Ice Cube Computing in the Cloud
Benedikt Riedel, University of Wisconsin
The IceCube Neutrino observatory located at the South Pole supports science from a number of disciplines including astrophysics, particle physics, and geographical sciences operating continuously being simultaneously sensitive to the whole sky. Astrophysical Neutrinos yield understanding of the most energetic events in the universe and could show the origin of cosmic rays.
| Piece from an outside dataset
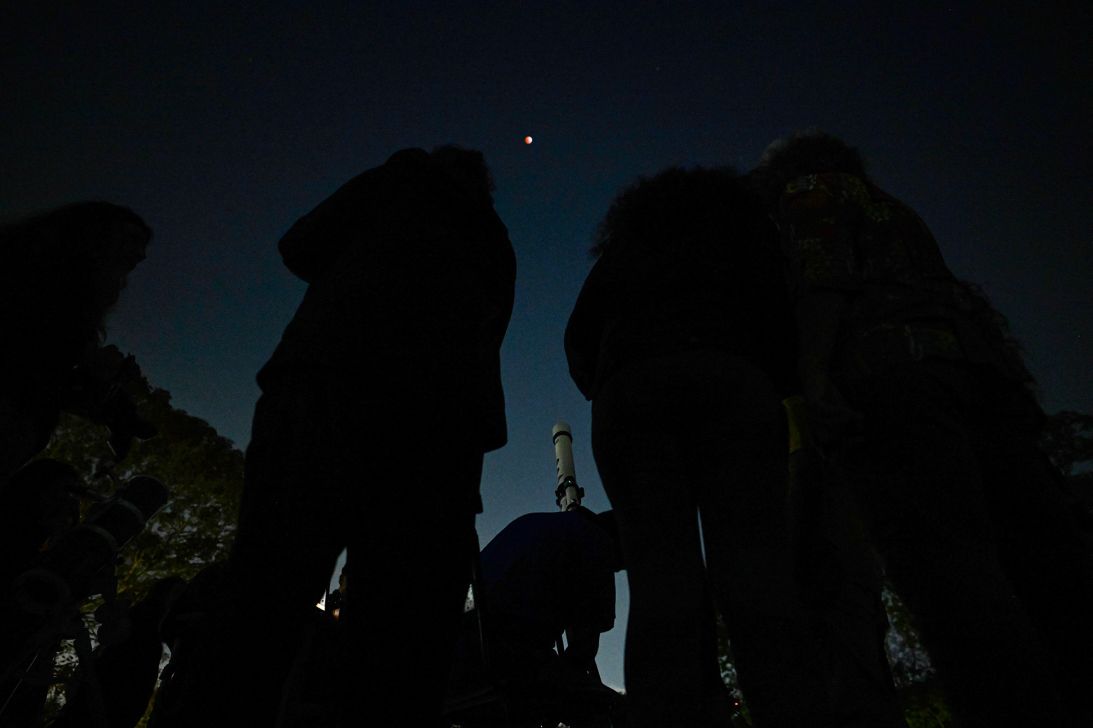 People gather near a telescope to watch the full blood moon in Caracas, Venezuela, in March 2025.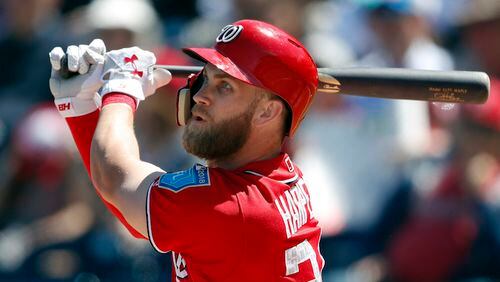 Washington Nationals right fielder Bryce Harper (34) follows through on abase hit during a spring training baseball game against the New York Mets Thursday, March 8, 2018, in West Palm Beach, Fla. (AP Photo/John Bazemore)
Being able to burst into cloud supports follow-up computations of observed events & alerts to and from the community such as other telescopes and LIGO. This project plans to use custom spot instances and FPGA based filters in AWS and GPU/TensorFlow Machine Learning in GCP.
Building Clouds: Worldwide Building Typology Modeling from Images
Daniel Aliaga, Purdue University
This Exploring Clouds for Acceleration of Science (E-CAS) project will exploit the computational power and network connectivity to provide a world-scalable solution for generating building-level information for urban canopy parameters as well as for improving the information for estimating local climate zones, both of which are critical to high resolution urban meteorological/environmental models. The challenge is that current computational models have a bottleneck, not just in terms of the physics and processes within the land surface and boundary layer schemes, but even more critically the need is for providing a robust means of generating parameter values that define the urban landscape. This is how the proposed E-CAS inverse modeling approach comes into play. By utilizing images and world-wide input about building properties, we can infer a sampling of 3D building models at world scale containing more than just the geometrical shape information and enable world-scale urban weather modeling.
Development of BioCompute Objects for Integration into Galaxy in a Cloud Computing Environment
Raja Mazumder, George Washington University
BioCompute Objects allow researchers to describe bioinformatic analyses comprised of any number of algorithmic steps and variables to make computational experimental results clearly understandable and easier to repeat. Galaxy is a widely used bioinformatics platform that aims to make computational biology accessible to research scientists that do not have programming experience. The project will create a library of BioCompute objects that describe bioinformatic workflows on Amazon Web Services, which can be accessed and contributed to by Galaxy users from all over the world. This project also plans to utilize AWS Direct Connect over Internet2 to connect the library of biocomputer objects to the campus HPC environment at George Washington University.